The substitutability principle is in some ways just common sense. It says (in paraphrase) that if your code works for some base type T, it should be able to work with subtype of T, S. If it doesn’t, S is breaking substitutability. This principle is at the heart of inheritance and polymorphism – I should be able to use a Stream without knowing the details of what its underlying storage is, for example.

Liskov’s formulation is:

Let q(x) be a property provable about objects x of type T. Then q(y) should be true for objects y of type S where S is a subtype of T.

So, that’s the rule. Sounds like a good idea, right?

Breaking BinaryReader’s contract

My case in point is EndianBinaryReader (and EndianBinaryWriter, but the arguments will all be the same – it’s better to focus on a single type). This is simply an equivalent to System.IO.BinaryReader, but it lets you specify the endianness to use when converting values.

Currently, EndianBinaryReader is a completely separate class to BinaryReader. They have no inheritance relationship. However, as it happens, BinaryReader isn’t sealed, and all of the appropriate methods are virtual. So, can we make EndianBinaryReader derive from BinaryReader and use it as a drop-in replacement? Well… that’s where the trouble starts.

There’s no difficulty technically in doing it. The implementation is fairly straightforward – indeed, it means we can drop a bunch of methods from EndianBinaryReader and let BinaryReader handle it instead. (This is particularly handy for text, which is fiddly to get right.) I currently have the code in another branch, and it works fine.

And I would have gotten away with it if it weren’t for that pesky inheritance…

The problem is whether or not it’s the right thing to do. To start with, it breaks Liskov’s substitutability principle, if the “property” we consider is “the result of calling ReadInt32 when the next four bytes of the underlying stream are 00, 00, 00, 01” for example. Not having read Liskov’s paper for myself (I really should, some time) I’m not sure whether this is the intended kind of use or not. More on that later.

The second problem is that it contradicts the documentation for BinaryReader. For example, the docs for ReadInt32 state: “BinaryReader reads this data type in little-endian format.” That’s a tricky bit of documentation to understand precisely – it’s correct for BinaryReader itself, but does that mean it should be true for all subclasses too?
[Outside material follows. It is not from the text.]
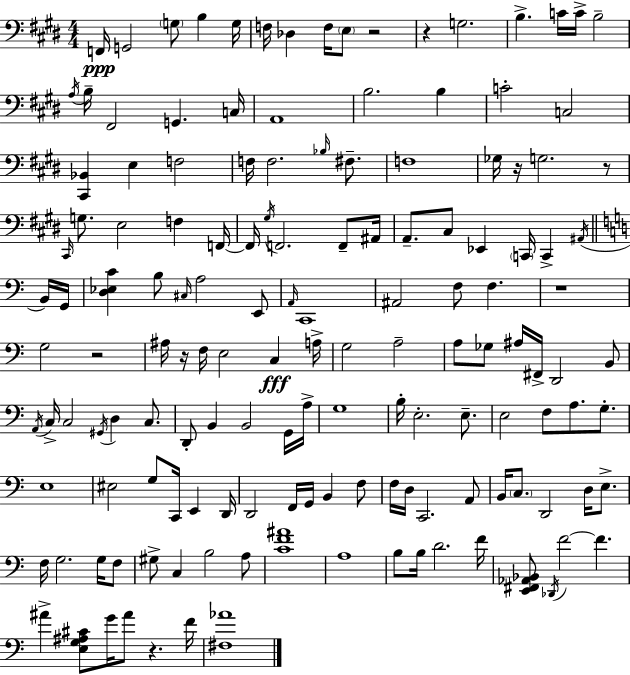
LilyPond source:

When I’ve written in various places about the problems of inheritance, and why if you design a class to be unsealed that means doing more design work, this is the kind of thing I’ve been talking about. How much detail does it make sense to specify here? How much leeway is there for classes overriding ReadInt32? Could a different implementation read a “compressed” Int32 instead of always reading four bytes, for example? Should the client care, if they make sure they’ve obtained an appropriate BinaryReader for their data source in the first place? This is basically the same as asking how strictly we should apply Liskov’s substitutability principle. If two types are the same in every property, surely we can’t distinguish between them at all.

I wonder whether most design questions of inheritance basically boil down to defining which properties should obey Liskov’s substitutability principle and which needn’t, for the type you’re designing. Of course, it’s not just black and white – there will always be exceptions and awkward points. Programming is often about nuance, even if we might wish that not to be the case.

Blow it, let’s do it anyway…

Coming back to BinaryReader, I think (unless I can be persuaded otherwise) that the benefits from going against the documentation (and strict substitutability) outweigh the downsides. In particular, BinaryReaders don’t tend to be passed around in my experience – the code which creates it is usually the code which uses it too, or it’s at least closely related. The risk of breaking code by passing it a BinaryReader using an unexpected endianness is therefore quite low, even though it’s theoretically possible.

So, am I miles off track? This is for a class library, after all – should I be more punctilious about playing by the rules? Or is pragmatism the more important principle here?